We need to remember that people come from many journeys. These journeys have challenged them, grown them, distorted them, molded them to see things just a little bit different than we might see them. This is good. We learn from each other. But it can also be difficult. The shoes they’ve worn cannot be worn exactly by someone else. Each voice is unique. In writing, we call this the author’s voice (makes sense ;). My voice is my own. So, give me feedback, and I will strive to hear what will help me grow without changing my voice. Without changing those things that make me uniquely me. Which leads to my third point... and the most important one...

3. Find Your Value’s Source

If my value comes from others, I will never be grounded. I will be tossed back and forth, up and down, shaken by the mere breath of criticism, and never find my foothold.
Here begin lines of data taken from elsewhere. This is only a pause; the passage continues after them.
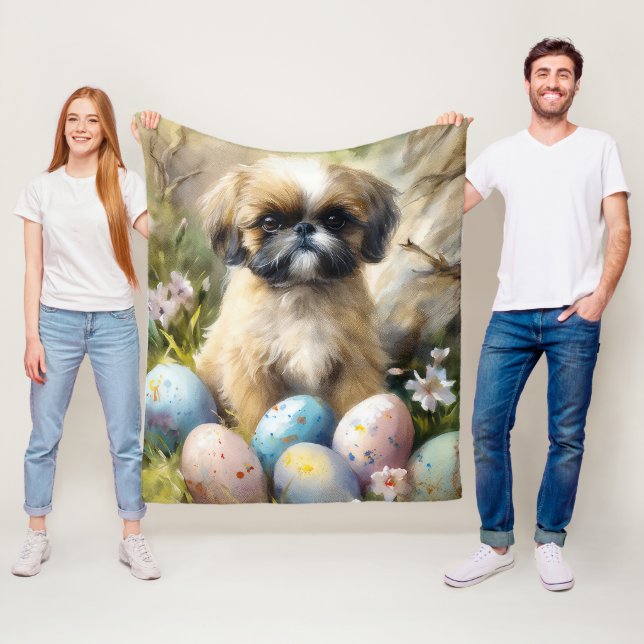Couverture Polaire Chien Shih Tzu avec Oeufs de Pâques Fête (En situation)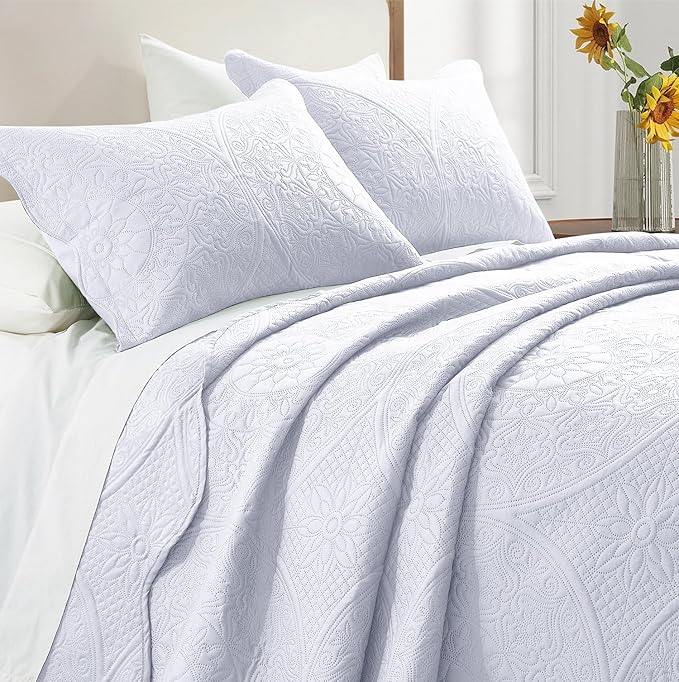 IR Imperial Rooms California King Quilt Bedding Set Size (118"x106") + 2 Pillow Shams (20" x 36"+ 2") - 3 Pcs All Season Reversible Microfiber Coverlet Embossed Floral Quilt Bedspread (White)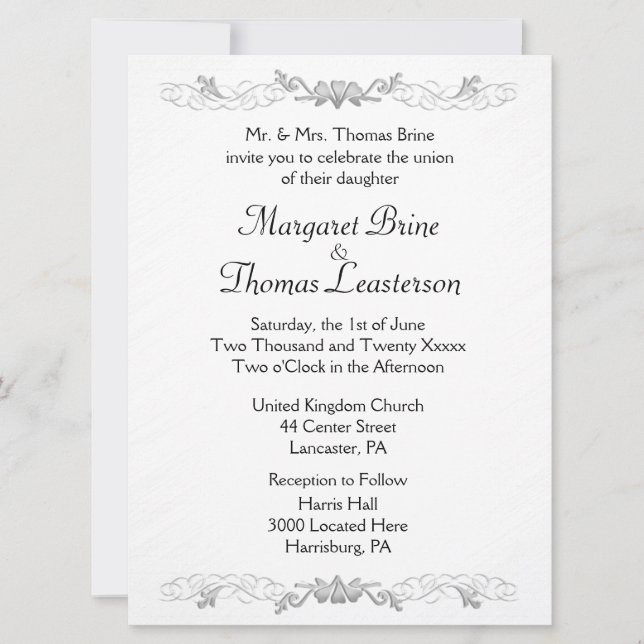 White Hearts Accent Wedding Invitations (Front)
And often, for me, unfortunately, that is exactly where it comes from. I win an award and I am feeling very good about myself. I can do this. I’m okay… In fact, I’m more than okay, I’m great! (cue in Frosted Flakes jingle). I send out proposals of my work because who would not want it… and I wait… and I wait. And a few say, “Nah.” And I’m crushed. I’m not just crushed I’m defeated… at the core. I’m not any good. Who did I think I was… Stephen King? Get out of the Big League, kid. You’ll never measure up. Now I start thinking I can’t even write. AT ALL. By whose merit? Whose yard stick? Someone who rummaged through 200 manuscript ideas before 8:15 that morning with a hangover (who knows... but we'll give him one on principle). That person determines my value? Yes, when I let him.

However, if my worth is grounded on more. If it never changes. If it doesn’t fluctuate with the tide, or is up for grabs in the stock market. If, on the other hand, I am rooted and established in love, I will stand firm. I will know that I am eternally loved, crafted to do great things, and a vessel where the God of the universe dwells. Though I may never “make it” as a writer, I am a child of the King. And my worldly success can never hold a candle to who I really am.

And I pray that you, being rooted and established in love, may have power, together with all the Lord’s holy people, to grasp how wide and long and high and deep is the love of Christ, and to know this love that surpasses knowledge—that you may be filled to the measure of all the fullness of God (Ephesians 3:17-19) (emphasis mine).

The bike is already put together. No need for assembly. It came right from the trunk and onto the drive. Before the excitement falters, get on the seat. Before the doubt sets in, pedal. Before the fear has time to grip, travel down the hill and back up again, knowing that you are fearfully and wonderfully made. And you, child of the King, keep pedaling on... because you were made for so much more!